Shops v stalls: eating away trade
Leather Lane restaurants petition council over ‘out of control’ street food sellers
29 March, 2019 — By Dan Carrier
Pieminister, hidden behind a street stall in Leather Lane
RESTAURANT and café owners in Leather Lane have signed a petition urging Camden Council to curb street food stalls which they claim are ruining their businesses.
The road in Holborn, which has had a street market since the reign of Charles II in the 1600s, has seen a huge rise in traders selling takeaway food. But established businesses in the shops that run alongside the street market say the stalls are so close to their front doors that it wrecks their trade, and are demanding a redesign or a cap on the number of hot food vendors.
Jon Simon, the owner of pie and mash shop Pieminister, told the Extra: “I have owned a restaurant on Leather Lane for 10 years and the street food has got so far out of control that my restaurant has been completely blocked off so customers can no longer get through the stalls into my restaurant.”
He added: “We used to have people queuing onto the street but now they can’t even see the restaurant. We only trade Monday to Friday between 11am and 3.30pm as there’s no one there outside of these times. It is very important for us to be visible or we won’t survive.”
Stallholder Richie Rich
Haydar Sal, of the Oasis Café, said: “One of our issues is we pay very high business rates and very high rents – much, much more than the stalls out front – and people just can’t see the shop now. The market is busier for food nowadays but it has lost many of the other stalls it used to have.”
He said he pays around £12,000 a year in business rates and another £35,000 a year in rent – and said a simple redesign could help everyone. He added:
“Perhaps they could just go down one side of the street, or stagger the days they come.”
Stallholders say shop owners have to be realistic about the footfall they can expect – and remember the market has a long history.
Richie Rich, who runs a ladies fashion stall, has worked at Leather Lane for 29 years, said: “When I first started it was unbelievable.
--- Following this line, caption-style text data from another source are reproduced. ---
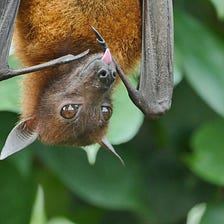 Why do Bats Have a Bad Reputation?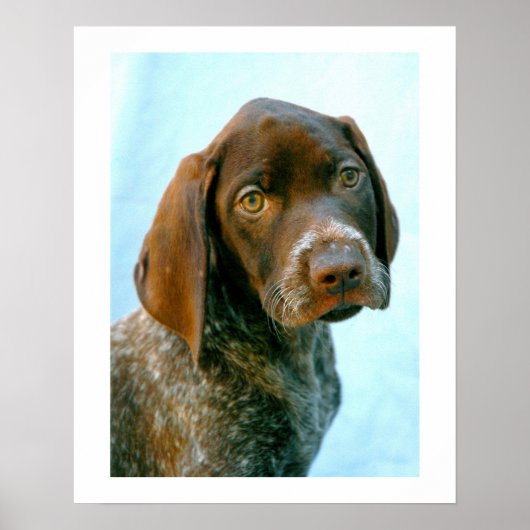 Poster Portrait d'un chien (Devant)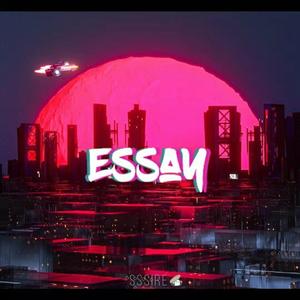 Essay
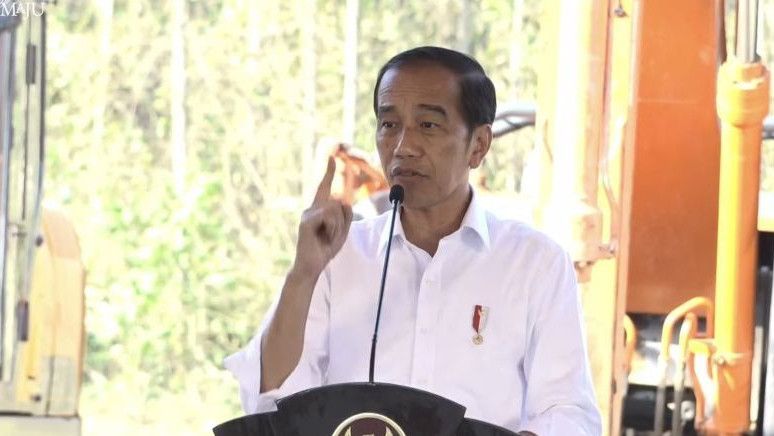 Jokowi Kebut Kesiapan Tanah di IKN: Kita 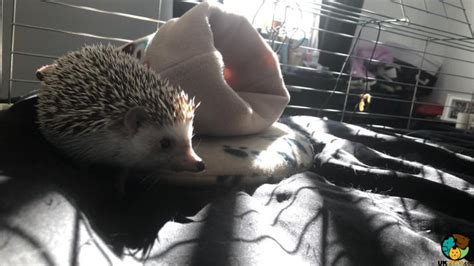 Male African Pygmy Hedgehog For Sale | UK Pets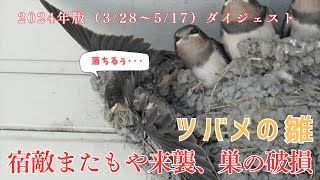 【ツバメ日記2024年ダイジェスト51日】執拗なあぶれツバメの襲撃と巣の破損　かわいいは正義の弱者の戦略　2024年3月28日〜5月17日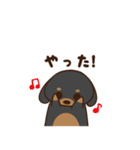 ダックスすたんぷ。（個別スタンプ：12）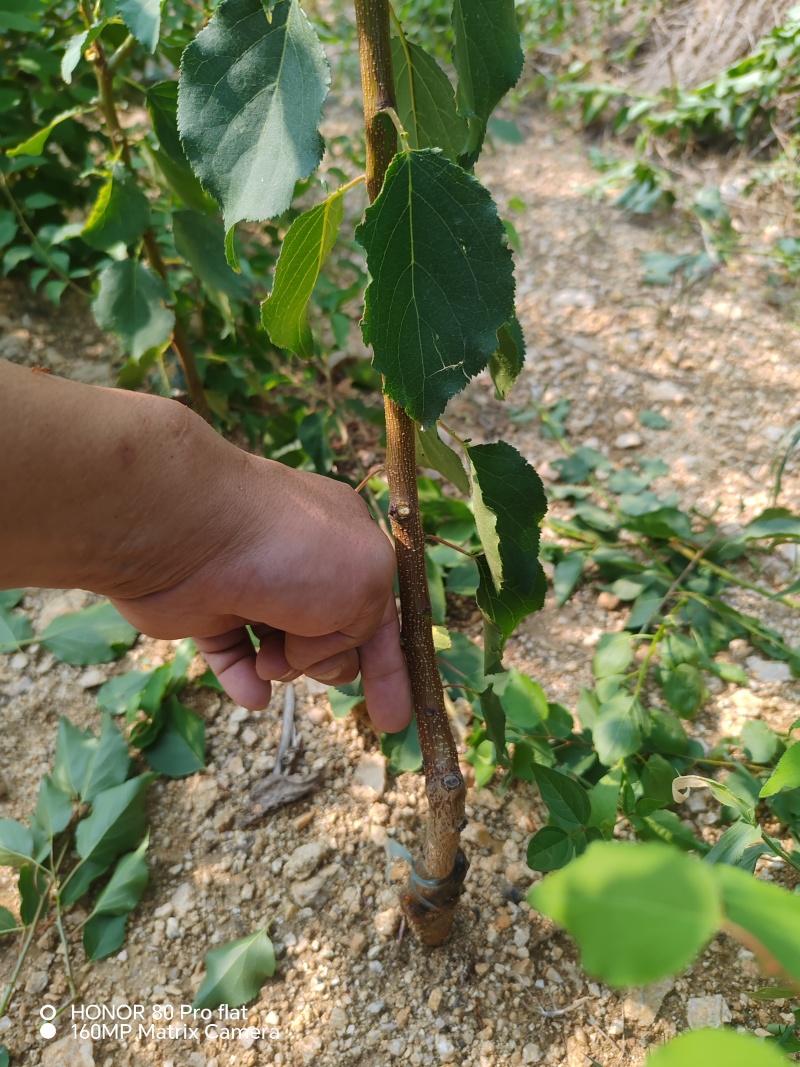 杏树苗，有珍珠油，荷兰香蜜杏，芒果杏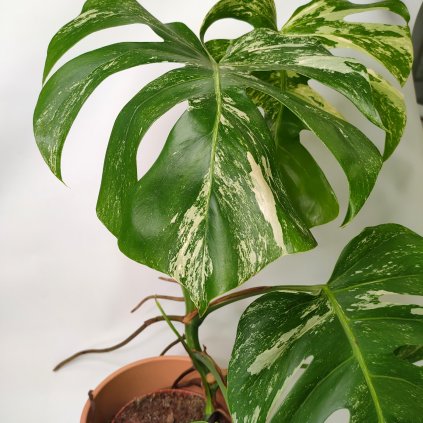 Monstera variegata
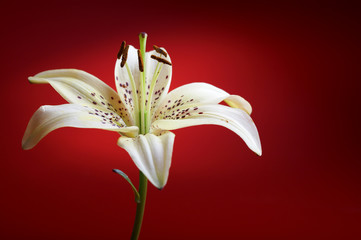 lily flower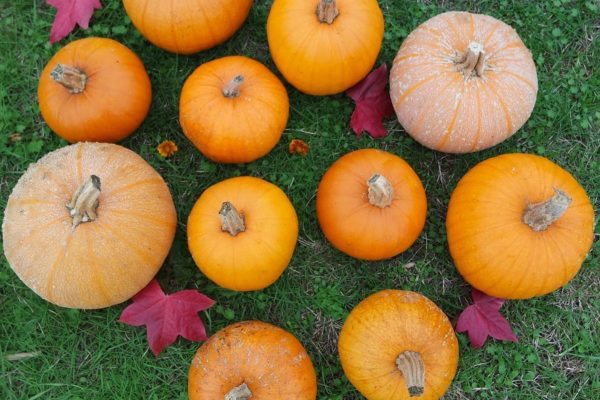 Sugar Pie Pumpkins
I didn’t get a full-time stall for the first six years, it was so popular. I didn’t think I’d live long enough to spend all the cash I was taking.”
Tom Hall at Pieminister
He said the market changed in 2005 when the council allowed hot food stalls in – and this, coupled with wider changes in shopping habits, meant Leather Lane has issues to tackle. He said: “The café owners don’t really have a leg to stand on. The market has always been here and there used to be more stalls.
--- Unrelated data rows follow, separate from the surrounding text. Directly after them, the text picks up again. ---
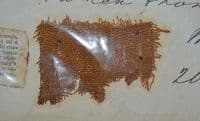 A small segment of linen wrapping from an Ancient Egyptian Mummy, Ex Lord Lindsay Coll., (K14)  SOLD
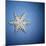 Decorative Snowflake-Sean Justice-Mounted Photographic Print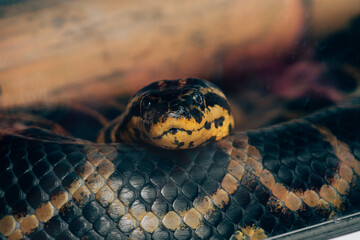 snake in the garden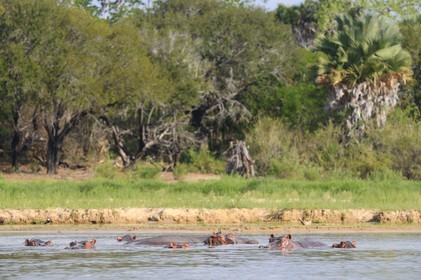 Tanzanie, Reserve de gibier de Selous une des plus grandes zones protégées au monde et inscrite sur la liste du patrimoine mondial de l’Unesco depuis 1982, hippopotames sur le lac Nzerakera formé par la rivière Rufiji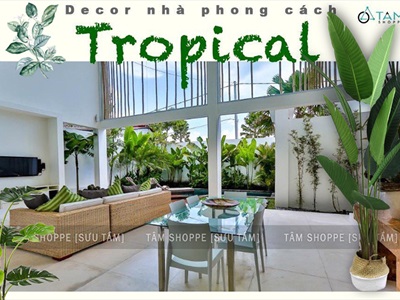 Tạo điểm nhấn bằng cây xanh nhiệt đới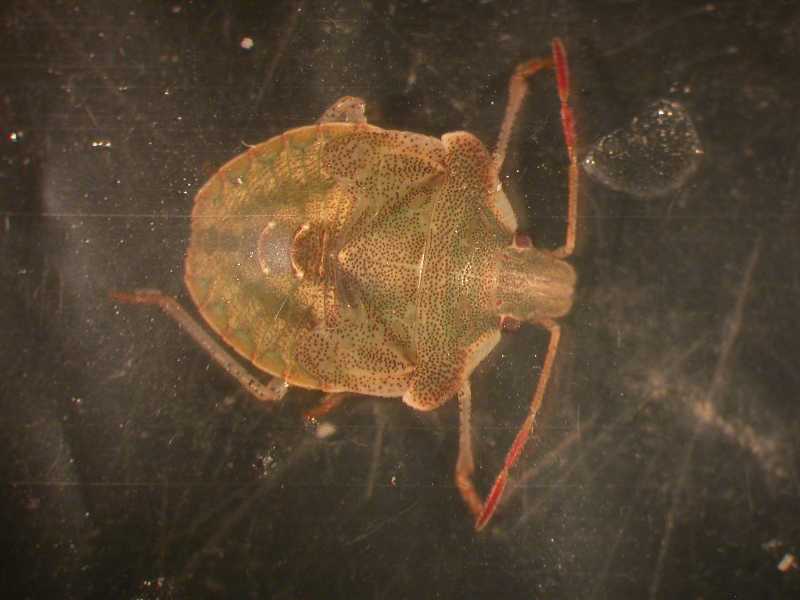 Click for larger image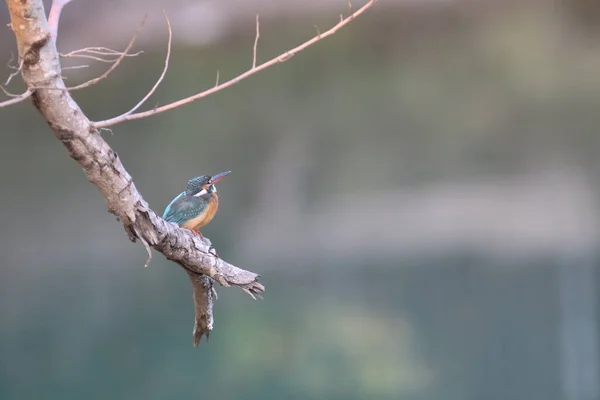カワセミ Kingfishers またはアルケディニダエ Alcedinidae Alcedinidae — ストック写真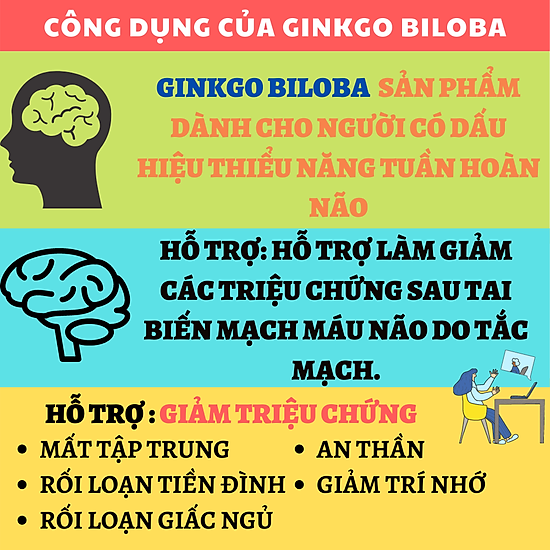 Ginkgo biloba - viên uống hỗ trợ chức năng não bộ - ảnh sản phẩm 5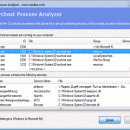 Svchost Process Analyzer screenshot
“You couldn’t get a fag paper between them, and the crowds were so solid it would take you 10 minutes to walk 10 yards.”
Holborn ward Labour councillor Awale Olad said he was looking at issues raised in the petition.
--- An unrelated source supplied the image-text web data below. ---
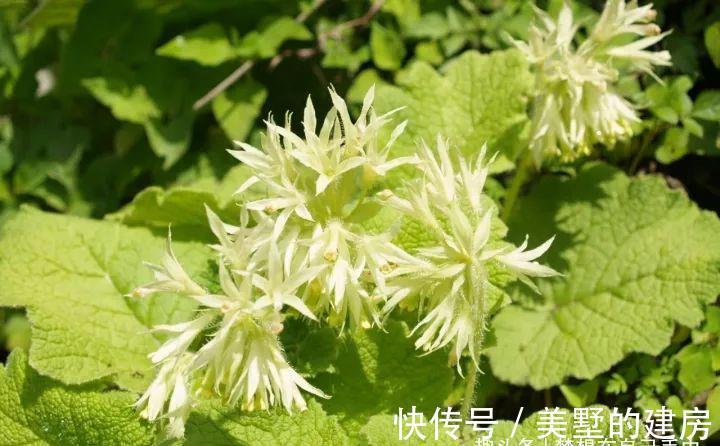 花花草草|原来花花草草也有这么多“雅称”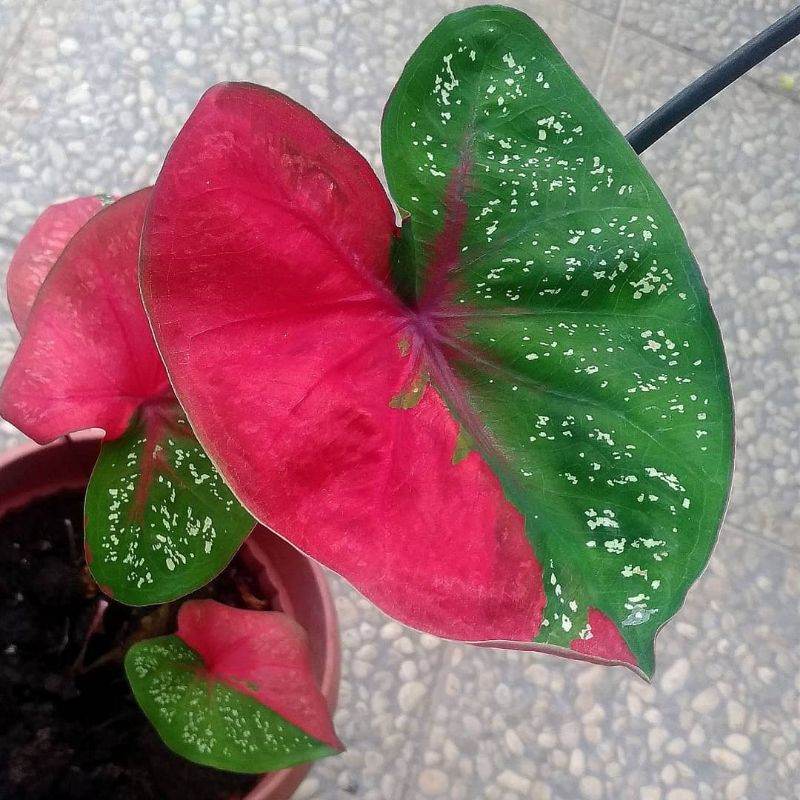 Keladi Baret / Keladi Baret Merah / Caladium Broken Heart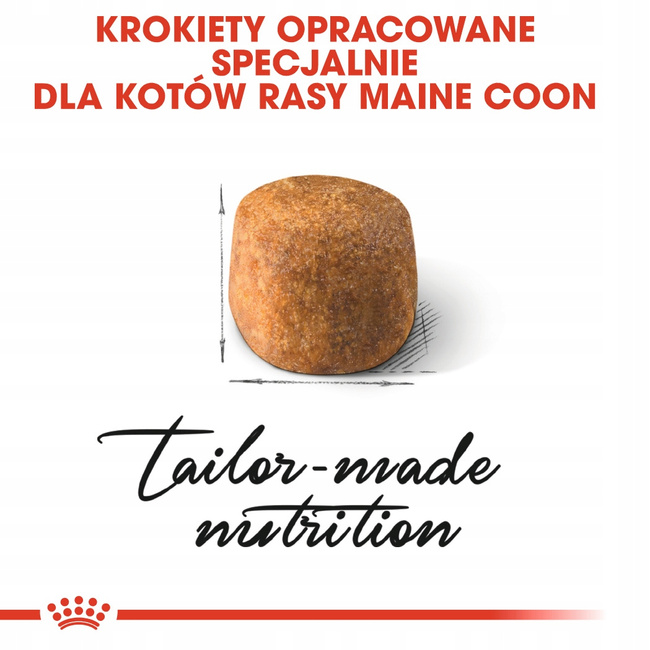 ROYAL CANIN Maine Coon Adult karma sucha dla kotów dorosłych 2 kg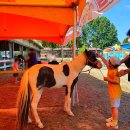 푸드딜라이트 안성중앙대점 | 안성팜랜드, 아이랑 드넓은 초원의 가을목장 여행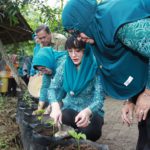 Harga Cabai di Trenggalek Melonjak, Novita Hardini Bagikan Ratusan Benih Cabai & Dorong Masyarak...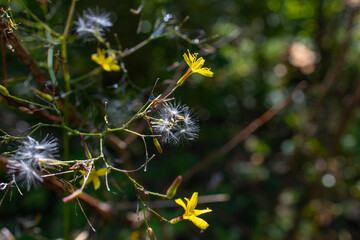 wall lettuce, Lactuca muralis, a bush with yellow flowers resembling dandelions and fluffy white flowers
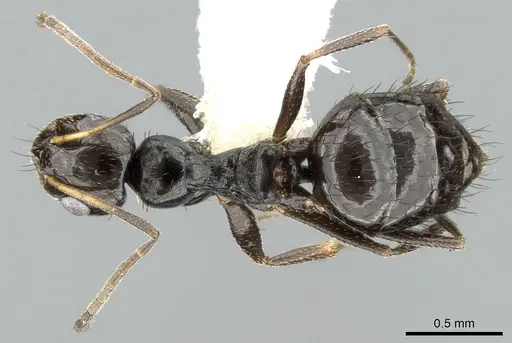 Lepisiota depressa specimen CASENT0906263 image casent0906263_1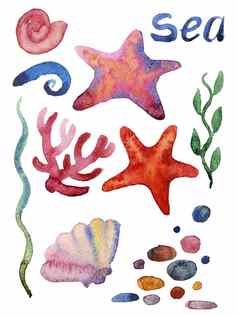 集海贝壳珊瑚海星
He said: “The market has exploded in the last couple of years and is currently operating at almost full capacity.
“It is less diverse than it used to be – less antiques and clothing but more food and is now easily London’s most popular street food market.
Haydar Sal of Oasis Café
“This success has led to retail units feeling priced out as they have to pay both commercial rents and business rates and have to compete with street stalls who seem to be dominating the space.”]
Cllr Olad added: “I think we can find a solution to the problem that can address all the concerns. We should look at some technological solutions, potentially even putting up digital boards that help visitors navigate their way.”
A Camden Council spokesperson said: “The council recognises that work needs to be carried out at Leather Lane so that it can operate as one shopping area rather than as shopkeepers versus market traders; we see all businesses working together to benefit the local economy.
“The layout is currently under review. Once we have developed a plan it is our intention to engage with all stakeholders so that we can agree on a final layout.”